***** Given entries *****
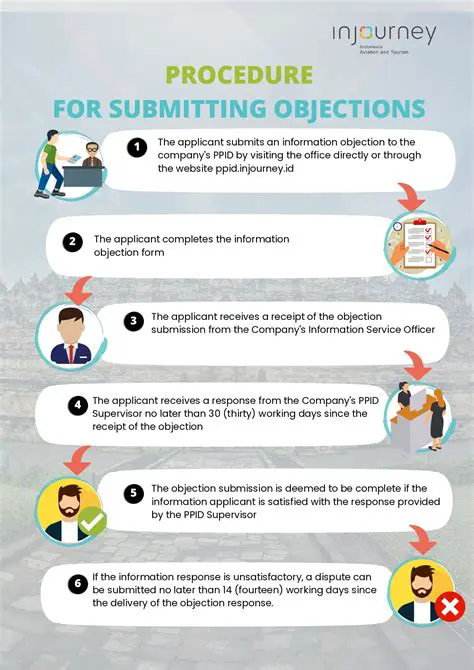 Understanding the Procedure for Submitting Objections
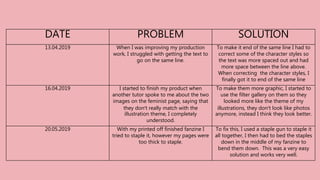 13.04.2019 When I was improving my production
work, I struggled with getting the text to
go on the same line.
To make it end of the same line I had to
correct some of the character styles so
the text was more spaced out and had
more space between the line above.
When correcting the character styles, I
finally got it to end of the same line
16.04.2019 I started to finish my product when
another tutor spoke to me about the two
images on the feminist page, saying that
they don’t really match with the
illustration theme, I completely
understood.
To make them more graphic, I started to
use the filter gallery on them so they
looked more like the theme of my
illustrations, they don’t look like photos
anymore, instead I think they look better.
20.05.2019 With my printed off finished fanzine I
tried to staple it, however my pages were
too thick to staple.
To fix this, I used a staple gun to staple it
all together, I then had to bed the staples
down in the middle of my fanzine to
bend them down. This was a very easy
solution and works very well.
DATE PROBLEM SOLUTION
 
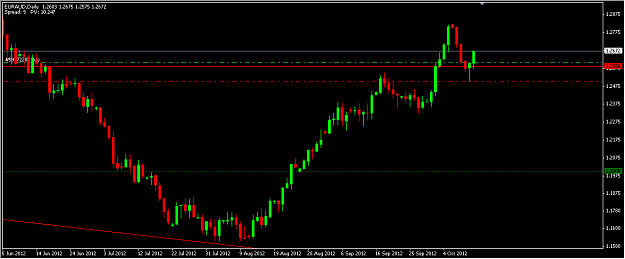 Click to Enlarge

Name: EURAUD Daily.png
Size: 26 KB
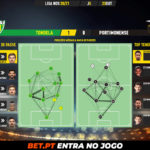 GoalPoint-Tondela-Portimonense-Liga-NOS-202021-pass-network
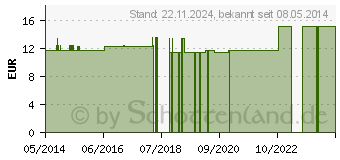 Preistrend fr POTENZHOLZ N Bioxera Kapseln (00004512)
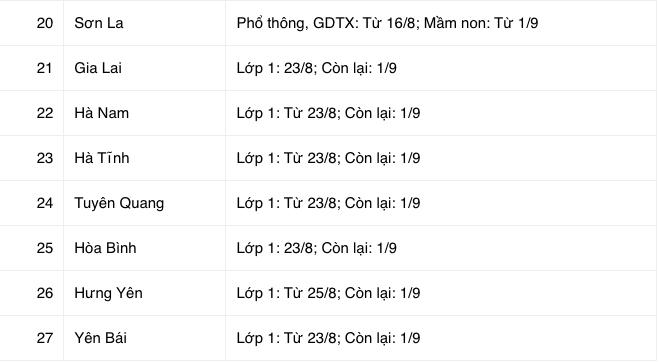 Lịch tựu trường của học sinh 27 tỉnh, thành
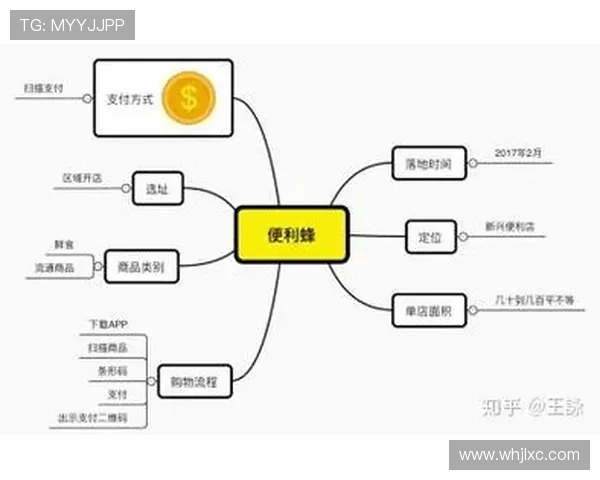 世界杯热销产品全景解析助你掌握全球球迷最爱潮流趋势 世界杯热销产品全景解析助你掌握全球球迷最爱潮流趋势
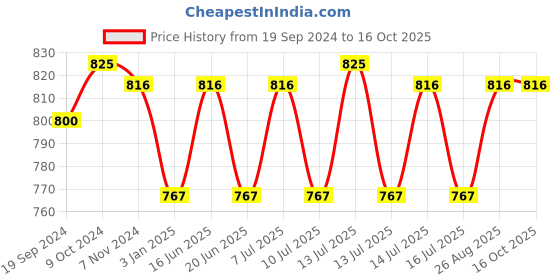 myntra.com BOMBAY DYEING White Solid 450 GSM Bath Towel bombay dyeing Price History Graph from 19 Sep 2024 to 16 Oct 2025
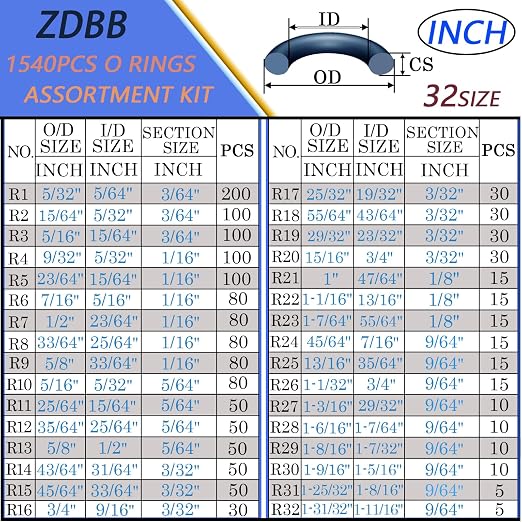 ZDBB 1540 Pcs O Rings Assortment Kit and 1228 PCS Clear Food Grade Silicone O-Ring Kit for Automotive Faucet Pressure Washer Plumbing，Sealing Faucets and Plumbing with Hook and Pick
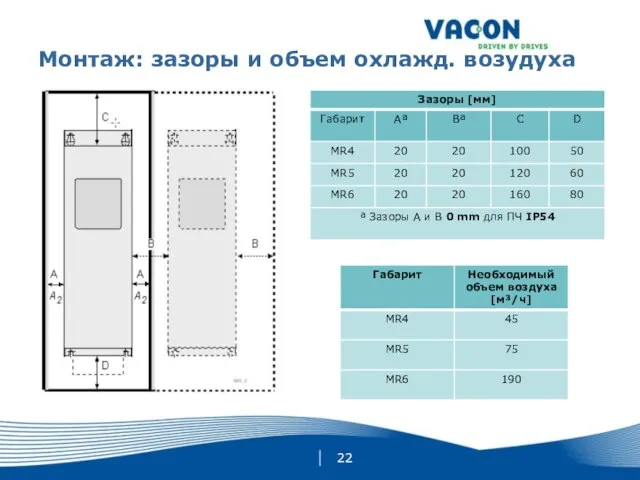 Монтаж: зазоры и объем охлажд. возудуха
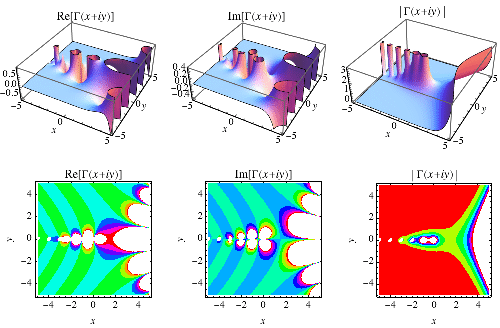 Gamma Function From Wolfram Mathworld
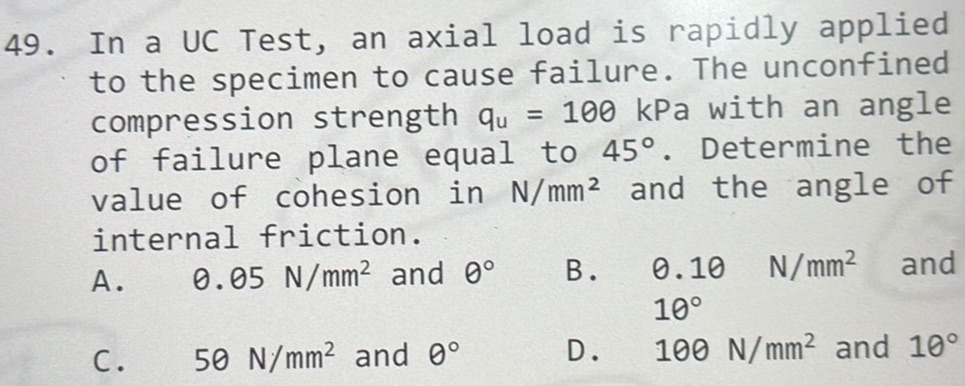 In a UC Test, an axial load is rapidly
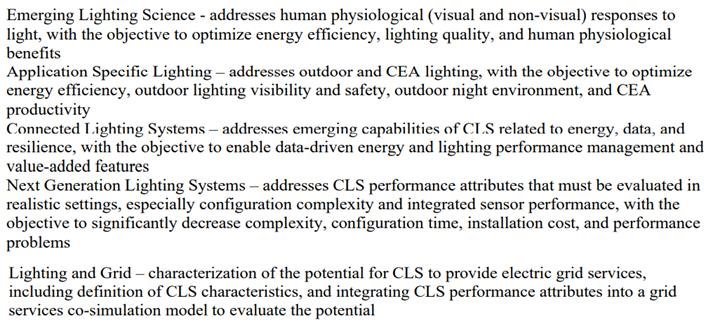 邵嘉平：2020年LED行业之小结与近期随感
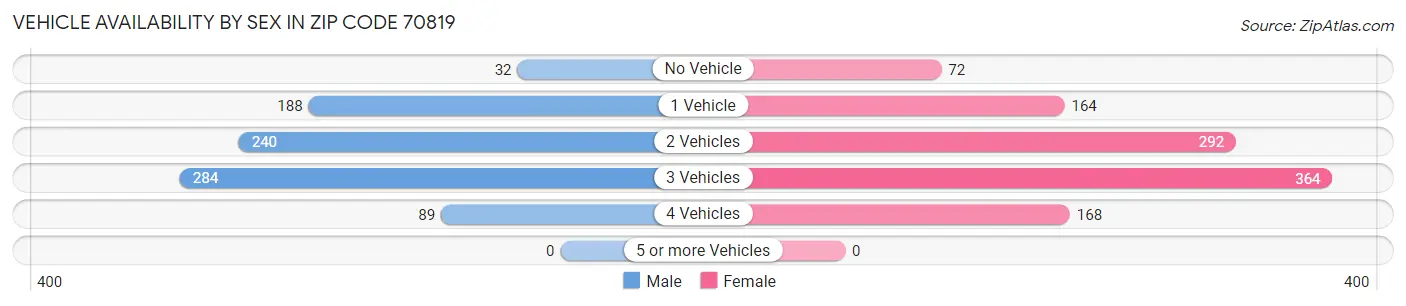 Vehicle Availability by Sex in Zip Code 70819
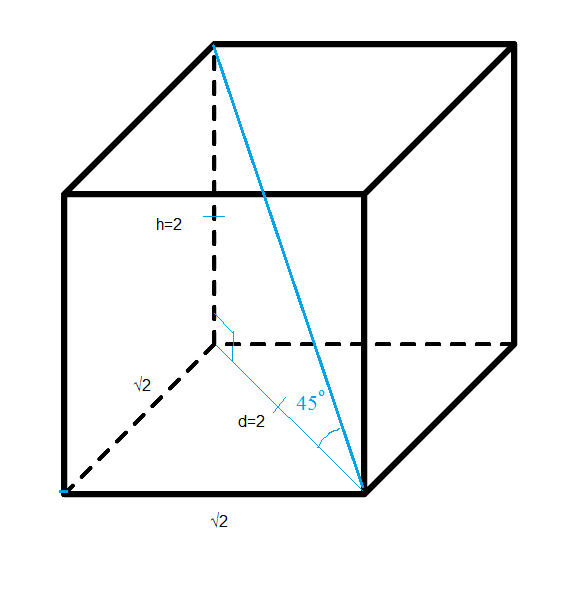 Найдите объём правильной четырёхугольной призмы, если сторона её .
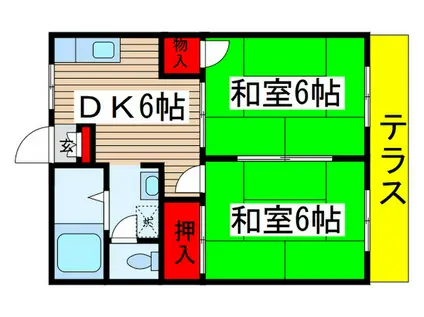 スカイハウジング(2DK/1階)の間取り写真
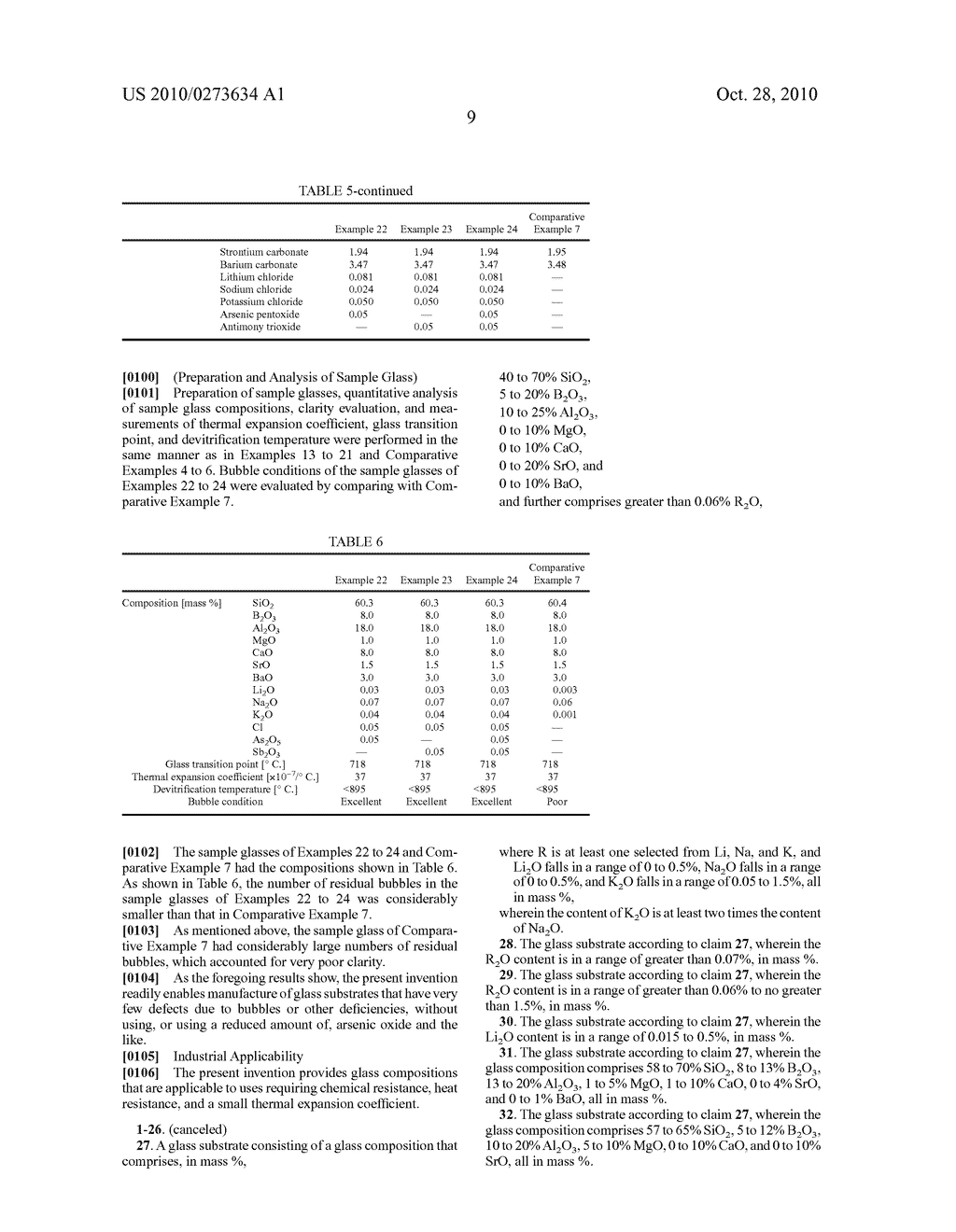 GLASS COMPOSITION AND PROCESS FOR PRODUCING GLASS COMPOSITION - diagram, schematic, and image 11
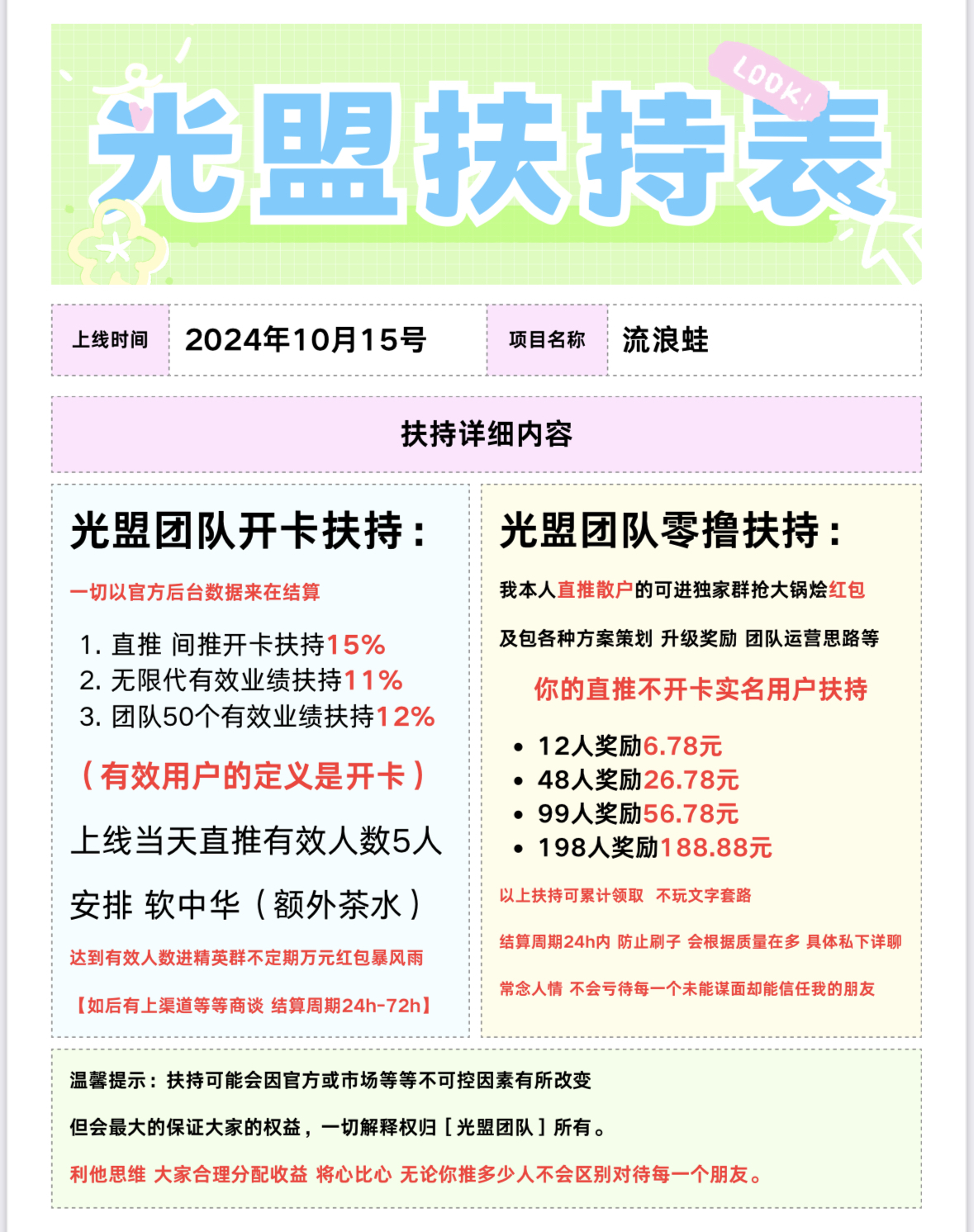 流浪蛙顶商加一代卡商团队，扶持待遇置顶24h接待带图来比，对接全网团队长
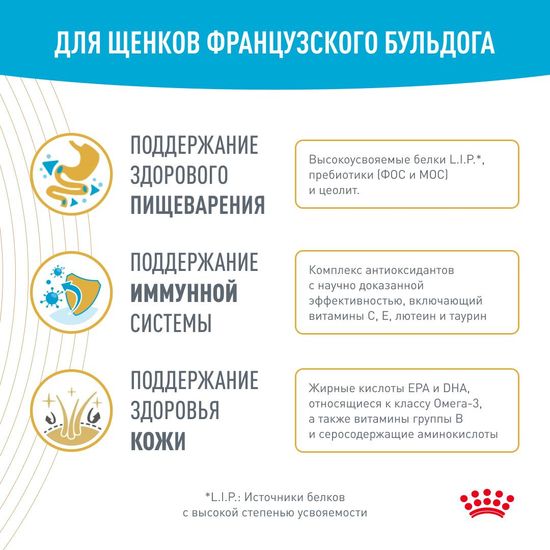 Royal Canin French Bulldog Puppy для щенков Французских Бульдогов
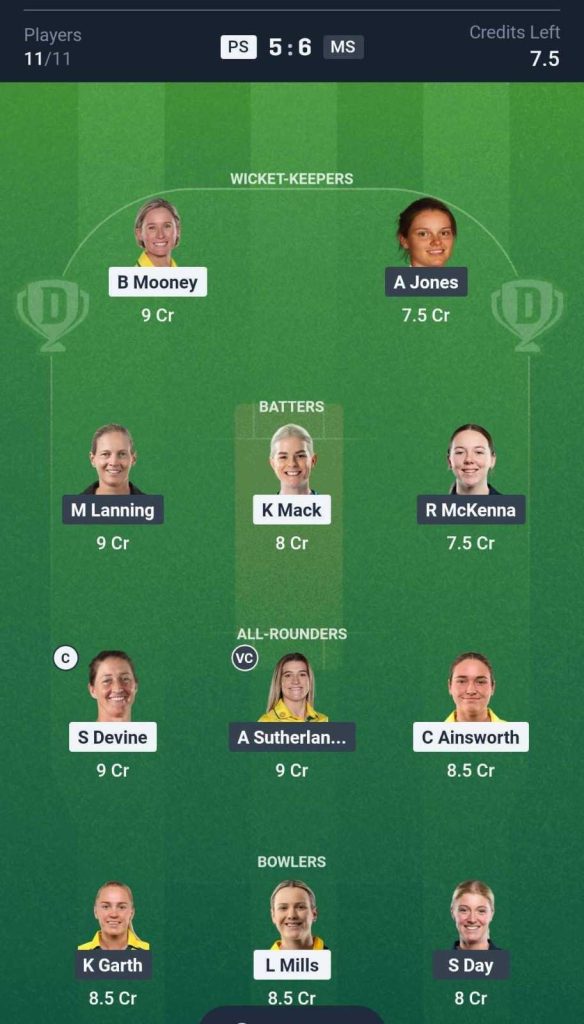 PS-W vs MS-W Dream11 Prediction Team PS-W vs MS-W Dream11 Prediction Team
*****
*Problem statement:*
The answer must be an exact copy of every record above, minus the pictures.

*Worked solution:*
 Understanding the Procedure for Submitting Objections
 13.04.2019 When I was improving my production
work, I struggled with getting the text to
go on the same line.
To make it end of the same line I had to
correct some of the character styles so
the text was more spaced out and had
more space between the line above.
When correcting the character styles, I
finally got it to end of the same line
16.04.2019 I started to finish my product when
another tutor spoke to me about the two
images on the feminist page, saying that
they don’t really match with the
illustration theme, I completely
understood.
To make them more graphic, I started to
use the filter gallery on them so they
looked more like the theme of my
illustrations, they don’t look like photos
anymore, instead I think they look better.
20.05.2019 With my printed off finished fanzine I
tried to staple it, however my pages were
too thick to staple.
To fix this, I used a staple gun to staple it
all together, I then had to bed the staples
down in the middle of my fanzine to
bend them down. This was a very easy
solution and works very well.
DATE PROBLEM SOLUTION
 
 Click to Enlarge

Name: EURAUD Daily.png
Size: 26 KB
 GoalPoint-Tondela-Portimonense-Liga-NOS-202021-pass-network
 Preistrend fr POTENZHOLZ N Bioxera Kapseln (00004512)
 Lịch tựu trường của học sinh 27 tỉnh, thành
 世界杯热销产品全景解析助你掌握全球球迷最爱潮流趋势 世界杯热销产品全景解析助你掌握全球球迷最爱潮流趋势
 myntra.com BOMBAY DYEING White Solid 450 GSM Bath Towel bombay dyeing Price History Graph from 19 Sep 2024 to 16 Oct 2025
 ZDBB 1540 Pcs O Rings Assortment Kit and 1228 PCS Clear Food Grade Silicone O-Ring Kit for Automotive Faucet Pressure Washer Plumbing，Sealing Faucets and Plumbing with Hook and Pick
 Монтаж: зазоры и объем охлажд. возудуха
 Gamma Function From Wolfram Mathworld
 In a UC Test, an axial load is rapidly
 邵嘉平：2020年LED行业之小结与近期随感
 Vehicle Availability by Sex in Zip Code 70819
 Найдите объём правильной четырёхугольной призмы, если сторона её .
 スカイハウジング(2DK/1階)の間取り写真
 GLASS COMPOSITION AND PROCESS FOR PRODUCING GLASS COMPOSITION - diagram, schematic, and image 11
 流浪蛙顶商加一代卡商团队，扶持待遇置顶24h接待带图来比，对接全网团队长
 Royal Canin French Bulldog Puppy для щенков Французских Бульдогов
 PS-W vs MS-W Dream11 Prediction Team PS-W vs MS-W Dream11 Prediction Team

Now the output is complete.